SYSTEM AND METHOD FOR DETECTING PROCESS AND NETWORK FAILURES IN 
A DISTRIBUTED SYSTEM 

The following applications containing related subject matter and filed concurrently 
with the present application are hereby incorporated by reference: Serial No. TBD, Attorney 
Docket No. 10010269-1, entitled System and Method for Detecting Process and Non-Process 
Failures in a Distributed System Having Multiple Independent Networks; Serial No. TBD, 
Attorney Docket No.10010271-1, entitled Probationary Members; and Serial No. TBD, 
Attorney Docket No. 10010270-1 and entitled Adaptive Heartbeats. 

FIELD OF THE INVENTION 

The present invention is generally related to monitoring computer processes in a 
distributed system. More particularly, the present invention is related to detecting process 
and network failures in a distributed system. 
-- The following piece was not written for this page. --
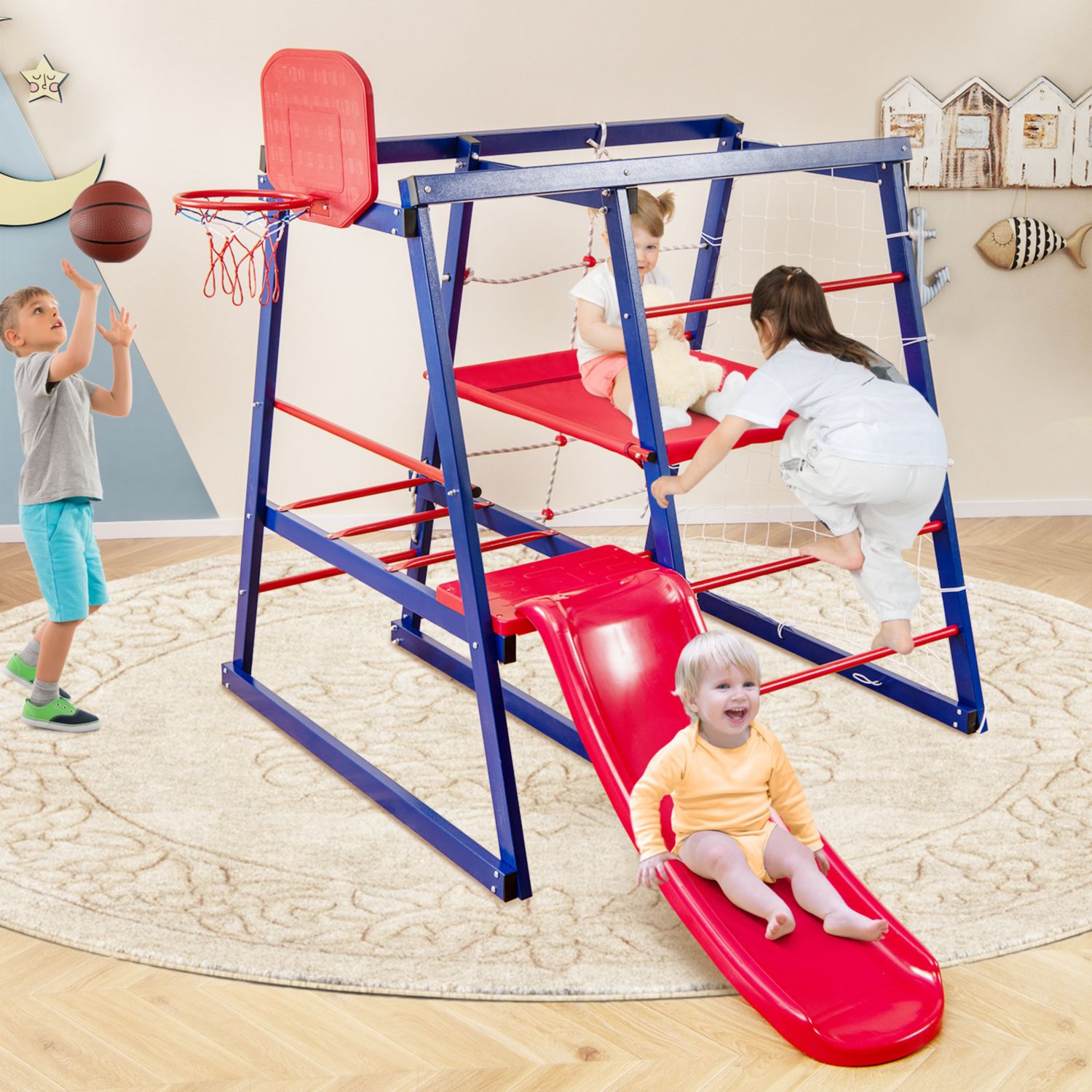 Ages 3+ 7-in-1 Metal Climbing Playset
BACKGROUND OF THE INVENTION 

In recent years, reliable, high performance computer systems have been, and still are, 
in great demand. Users have also demanded the introduction and propagation of multi- 
processor distributed computer systems to support their computing processes (e.g. 
simulations, parallel processing, etc.). A distributed computer system generally includes a 
collection of processes and a collection of execution platforms (i.e., hosts). Each process 
may be capable of executing on a different host, and collectively, the processes function to 
provide a computer service. A failure of a critical process in a distributed system may result 
in the service halting. Therefore, techniques have been implemented for detecting a failure of 
a process in a timely manner, such that an appropriate action can be taken. 

A conventional technique for detecting failure of a process includes the use of 
heartbeats, which are messages sent between processes at regular intervals of time. 
According to the heartbeat technique, if a process does not receive a heartbeat from a remote 
process prior to the expiration of a predetermined length of time, i.e., the heartbeat timeout, 
the remote process is suspected to have failed. Corrective action, such as eliminating the 
suspected process, may thus be taken.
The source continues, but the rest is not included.